Times have changed. People's lives are changing. I was amazed by the gullibility (or is it absolute ignorance) of a senior journalist I met the other day—he told me "Sab khush hain. Desh tarakki kar raha hai (Everyone is happy. The country is progressing"). I want nothing more, but that my country and people flourish. But what I see around me is stunning, dangerous and debilitating.

I shall not list the price of vegetables or petrol or pizzas or edible oils; I have done that before. We all face this reality now. Some find it grim, some grist, while others have just stopped eating. I shall not talk inflation or price-rise, for I am informed by higher powers that something like that just doesn't exist. I shall not talk about the possibility of recession, for I am told that there is no such threat (which also means that when I wrote two years back that we were already into a recession, I was terribly wrong and off-mark).

What happens now?

A lot can, provided we have an open mind with fewer barbs in the head.
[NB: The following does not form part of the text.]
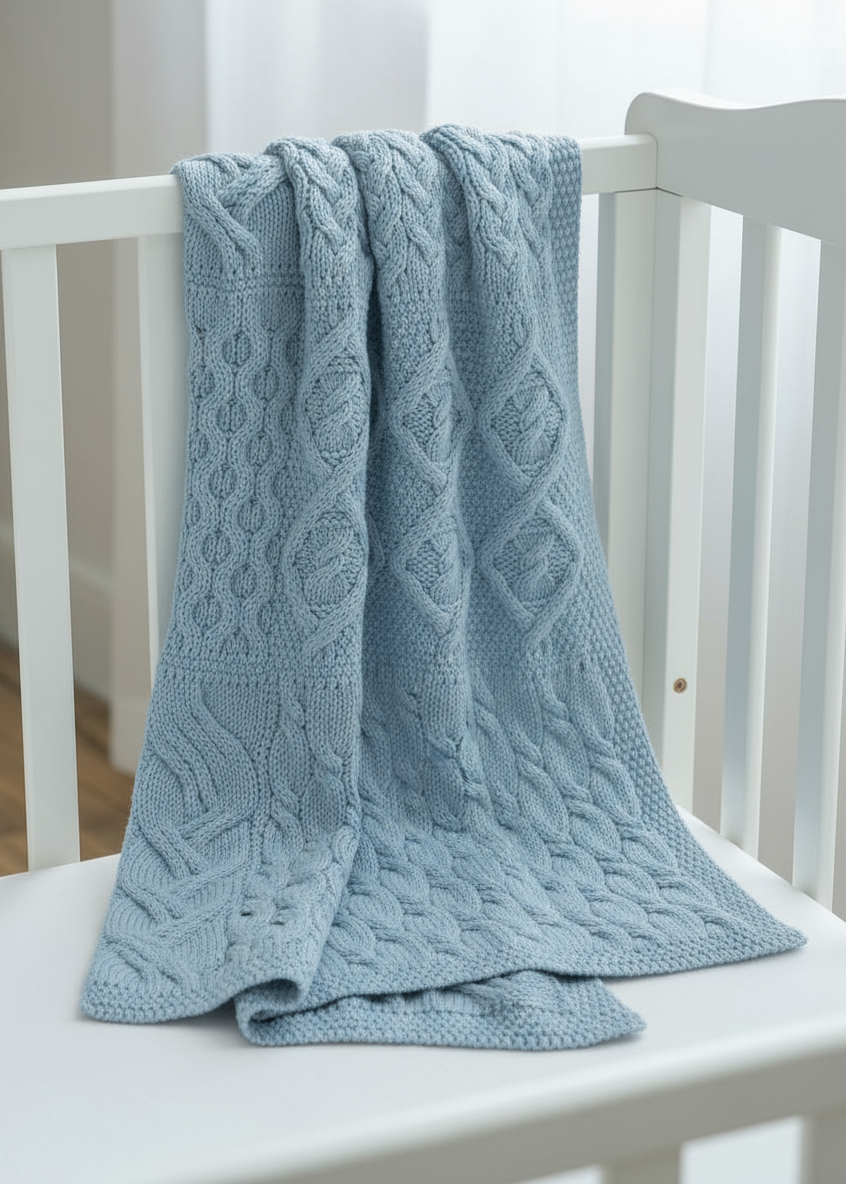 Supersoft Merino Wool Baby Irish Blanket | Blue Sail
I am an optimist; we all are. There can always be a better tomorrow. There shall be one, provided that we move in the right direction. I hate repeating myself, and there's more hope than faith in me now. The world is clearly in crisis—be it the COVID pandemic, politics, a crass lack of true leadership and vision, price rise and inflation, or the threat of new wars. If the Ukraine gaffe were not enough, we have now Taiwan coming under threat, with idiots flexing their atrophied muscles. No amount of power or Earth mass is enough, it seems, even though most people in these land-grab nations don't have enough to eat or feed their children.

Change the tack. Reduce the flak. I beseech today's world rulers to be leaders by choice, not by fake vote or deceit. Do not tread waters just for today, learn and teach us too to swim for tomorrow. For, in posterity lies remembrance, and in remembrance lies the true respect that shall last beyond you. As another believer named John C Maxwell said years back, "A leader is one who knows the way, goes the way and shows the way."

Damnit, even Spiderman understood this, that with great power comes great responsibility. And history remembers all. As we do Hitler, and our very own Kohinoor.